The Marprelate Controversy

The Martin Marprelate tracts are a series of six pamphlets and a broadsheet printed on a secret press between October 1588 and September 1589 and distributed with the help of well organized ‘puritan’ social networks. They attack the Elizabethan church, particularly church government by bishops (hence the pseudonym, Mar-prelate), and argue on behalf of an alternative, Presbyterian system. Their author was almost certainly the Warwickshire gentleman Job Throkmorton, probably assisted by the Welsh cleric John Penry, who also managed the press (see Authorship: Job Throkmorton, with John Penry). More than two dozen others are known to have been involved in the tracts’ production and distribution; all risked charges of treason. The tracts sparked immediate outrage: ‘I think the like was never committed to presse or paper, no not against the vilest sort of men, that have lived upon the earth’, exclaimed Thomas Cooper, the bishop of Winchester (Admonition, 35). But the apparent novelty of the tracts did not lie in the substance of Martin’s arguments: the reform agenda he proposed had been honed over almost two decades of Presbyterian opposition. Instead, what seemed unprecedented was Martin’s method of presentation. With his conversational prose, ironic modes of argument, fluid shifts among narrative voices, swaggering persona, playful experiments with the conventions of print controversy, and willingness to tell unflattering personal stories about named opponents, Martin shattered conventions of decorum that had governed debates about the church since the accession of Queen Elizabeth. Many elements of Martinist style had roots in the vehement polemic of the earlier Reformation. But even with these models in mind, nobody in England had read anything quite like these publications. The tracts sparked a nation-wide manhunt, accompanied by a multimedia campaign in which church and state joined forces to counter the influence of what Martin and his opponents both termed “Martinism.” Martinism and anti-Martinism would proceed to engage one another in a complex and mutually informing dialogue. To talk about the literary, cultural, or stylistic impact of the Marprelate controversy is to talk about the combined effects of the Marprelate tracts and this anti-Martinist campaign.

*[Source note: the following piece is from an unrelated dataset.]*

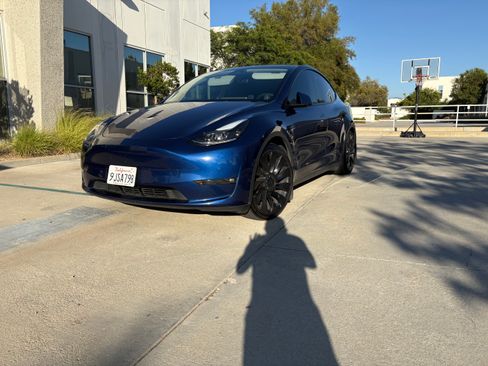 Used 2022 Tesla Model Y Performance AWD/4WD image 1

At the time and down the centuries, most commentators on the Marprelate controversy joined Thomas Cooper in denouncing the tracts as base, scurrilous invective. Beginning in the later nineteenth century, however, pioneering research by scholars such as Edward Arber, J. Dover Wilson, R.B. McKerrow, and William Pierce won the tracts a new reputation as some of the finest Elizabethan prose satires, worthy of their own chapter in the literary history of the sixteenth century. Martinist style remains the focus of many studies, particularly the influence of Martin’s wittily colloquial prose on the literature of the Elizabethan Golden Age of the 1590s. But more recent accounts of the Marprelate controversy have also begun to address a broad range of interconnected literary, historical, religious, legal, and social issues. The tracts are increasingly recognized as playing a key role in the history of Renaissance English pamphlet warfare. The Marprelate tracts urged the necessity of public debate on controverted subjects, and sought to create a popularizing polemic that modeled the sound of that debate. Outraged contemporaries responded in ways that crystallize contemporary anxieties concerning satire, libel, and the social uses of print. In addition, Martin’s constructions of polemical genealogy helped create a tradition of oppositional writing that would eventually extend from the early Reformation through the civil wars of the 1640s and into the Restoration. In response, church and state reframed this oppositional tradition as treason, reformulated the foundations for conformity to the established church, and crafted counter-arguments that would become standard weapons for decades to come against religious and political opposition.

The Marprelate controversy also generated unparalleled evidence for the histories of authorship and collaboration, surreptitious book production, and underground reading. Legal and other records detail how the tracts were printed on the run against a backdrop of safehouses, informers, disguises, and codenames, with manuscripts left surreptitiously under hedges and plans made in guarded conversations held in open fields. These are the records that are presented on this website. Documenting the intersections of popular and learned readerships, and print, manuscript, and oral cultures, this important archive illuminates Renaissance reading practices and Renaissance beliefs in the powers, and dangers, of effective prose.

For an extended discussion of the Marprelate controversy in all its aspects, see the Introduction to Joseph L. Black, ed., The Martin Marprelate Tracts (Cambridge: Cambridge University Press, 2008). For a briefer introduction that focuses on Martinist style, see Joseph L. Black, “The Marprelate Controversy,” in the Oxford Handbook of English Prose, ed. Andrew Hadfield (Oxford: Oxford University Press, 2013), 544-59.